Hacker News new | past | comments | ask | show | jobs | submit login
GitHub availability report: October 2022 (github.blog)
49 points by edmorley on Nov 2, 2022 | hide | past | favorite | 39 comments



Of all the many SaaS vendors I use, GitHub has the worst availability by far.

There isn't a month that goes by without our devs being impacted.

GitHub - please just work on fixing this. Your product is great but your availability is your biggest problem. It's beyond a joke at this point.


GitHub’s reputation for reliability really did a 180 after the Microsoft acquisition, as some predicted. It’s strange to me that despite this, you still get vociferous argument every step of the way to blaming Microsoft. People don’t remember GitHub’s past reputation for excellent reliability, then they accuse you of rose tinted glasses, then they say we’re just noticing it more now, then they say GitHub’s complexity significantly changed at a time that just happened to coincide with the acquisition, then they say better reliability is impossible. No, man, Microsoft acquired it, and when they got around to transitioning it to their infra, reliability plummeted.


I know. They have been very unreliable for years as I have predicted in here [0] and you can see all the times it went down or had intermittent issues [1]. I'm not really surprised to see GitHub become less reliable than someone self-hosting a typical Git server.

This is why it makes no sense going 'all in' on GitHub services.

[0] https://news.ycombinator.com/item?id=22867803

[1] https://news.ycombinator.com/item?id=32752965


I absolutely second this.
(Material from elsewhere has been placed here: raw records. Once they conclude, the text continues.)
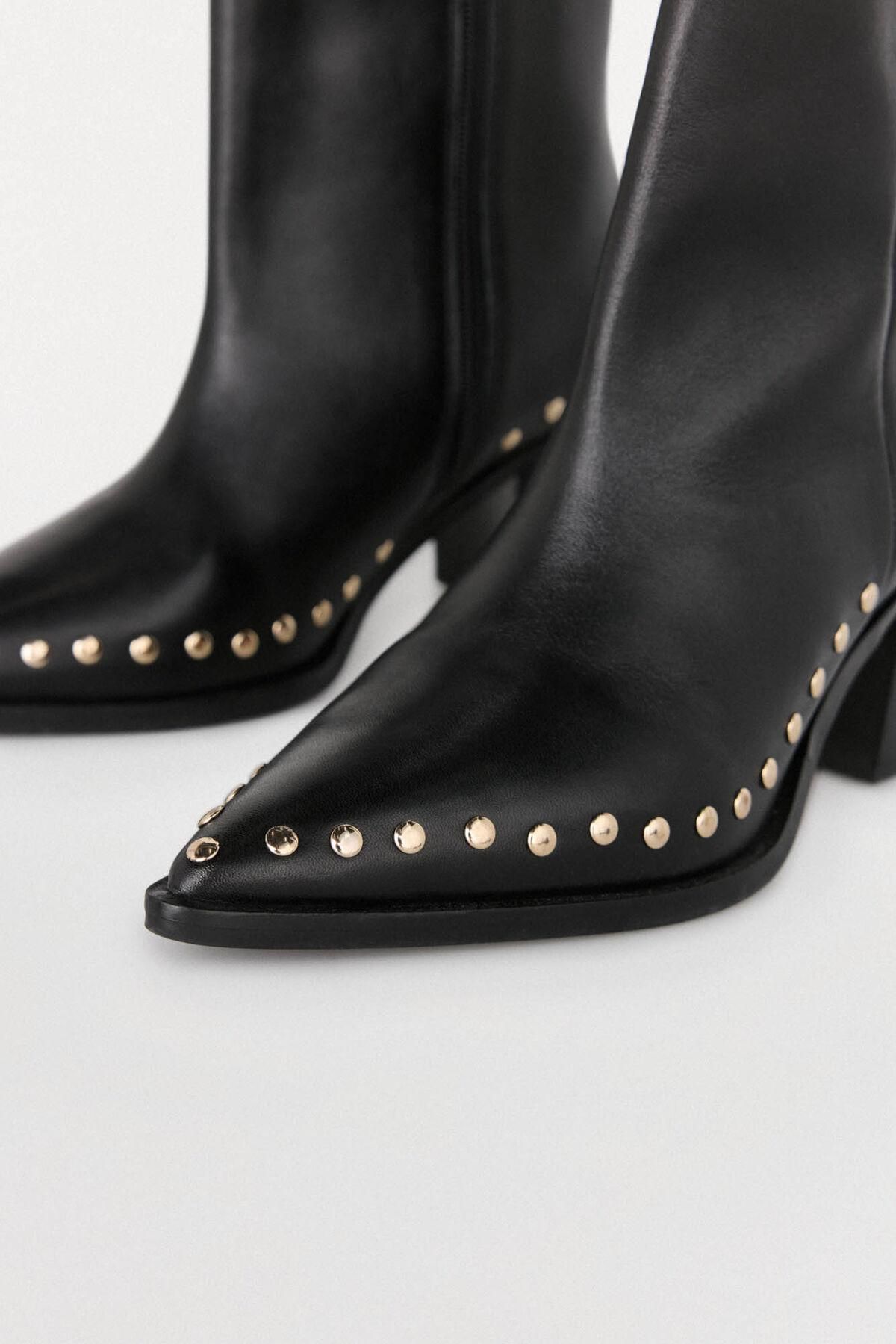 페드로 델 이에로 스터드 디테일 레더 앵클부츠 2042727 NEGRO - 상세 이미지 4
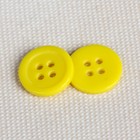 Пуговица, 4 прокола, d = 12 мм, цвет жёлтый - Фото 1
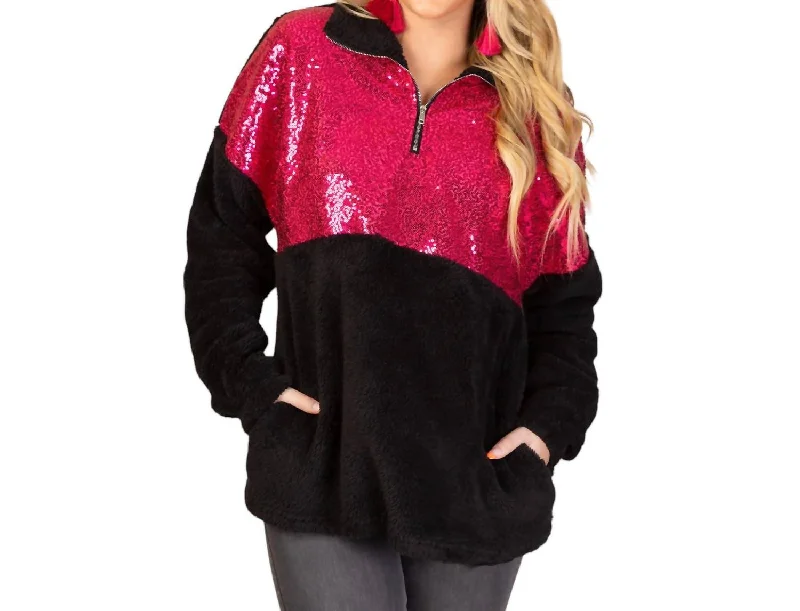 Women's Clothing For Everyday Wear Sequin Sherpa With Pockets In Pink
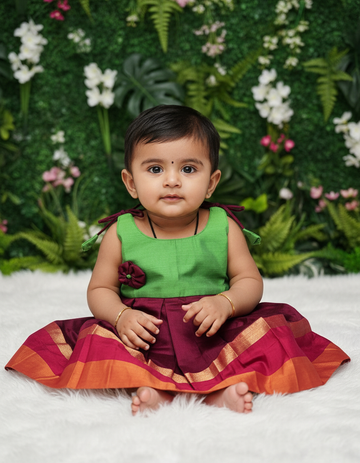 7 Month To 12 Month Baby Silk Frock Multi-Colour Border | Rope Type Design | Sri Thulir Tex (Batch-6)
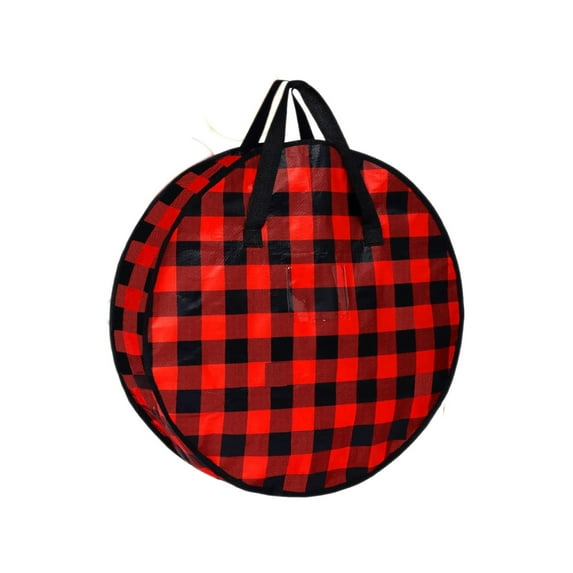 JoyMoreHome Christmas Wreath Storage Bag, Easy to Clean, 24 Inch Durable Round Storage Bag with Handle and Zipper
Their APIs are incredibly flaky - especially with Actions, and it's incredibly annoying that they don't report on their _real_ availability - I can't remember the last time there was any form of related service degradation on their customer facing monitoring during an outage.


> Of all the many SaaS vendors I use, GitHub has the worst availability by far.

Have you ever tried using GitLab?


Thankfully the web app was relatively stable last month compared to September: https://github.onlineornot.com/


> There isn't a month that goes by without our devs being impacted.

+1 -- same experience here for a medium size (60) eng team.


>Attempting to retry these failed jobs tied up our worker and it was unable to process new incoming events, resulting in a severe backlog in our queues.

Interesting - we have this kind of thing quite often. Basically, an event is stuck in the queue due to a logic error or a prior race condition, and it's endlessly retried blocking the rest of the events from being processed. We can't just automatically remove such an event from the queue because events must be processed in order or client data can get corrupted. It requires manual intervention (we have alerts in place), and every time it's a new event so we have to be creative and think quickly - how to unblock the queue without corrupting client data by skipping events. After an event is unstuck, there's a huge queue of unprocessed events which can take up to a few hours to be emptied in worst cases. Fortunately we have some sharding in place so there can be several independent workers processing the same global queue - with workers' shard affinity we can process shard data in order AND in parallel, so SRE can temporarily increase the number of workers when the queue gets too large, to speed it up. I still don't know how to solve this kind of problem once and for all (i.e. to have zero manual intervention). Is it even solvable?


It sounds like you've identified the issue yourself. You are relying on ordering when processing events. You need to either loosen that requirement or do better testing to prevent head of line blocking.

I don't know much about your application but the fact that you can mitigate the problem by scaling the number of workers suggests that the order requirements might actually be fairly weak. As a worst case outcome you may be able to push all events interdependent to the one with an error to a DLQ using a temporary blacklisting mechanism, but by that stage I think I would just prefer better testing.


Sounds like a DAG based task orchestrator could be a good fit. Where tasks state their dependencies and are allowed to run only when they have all completed.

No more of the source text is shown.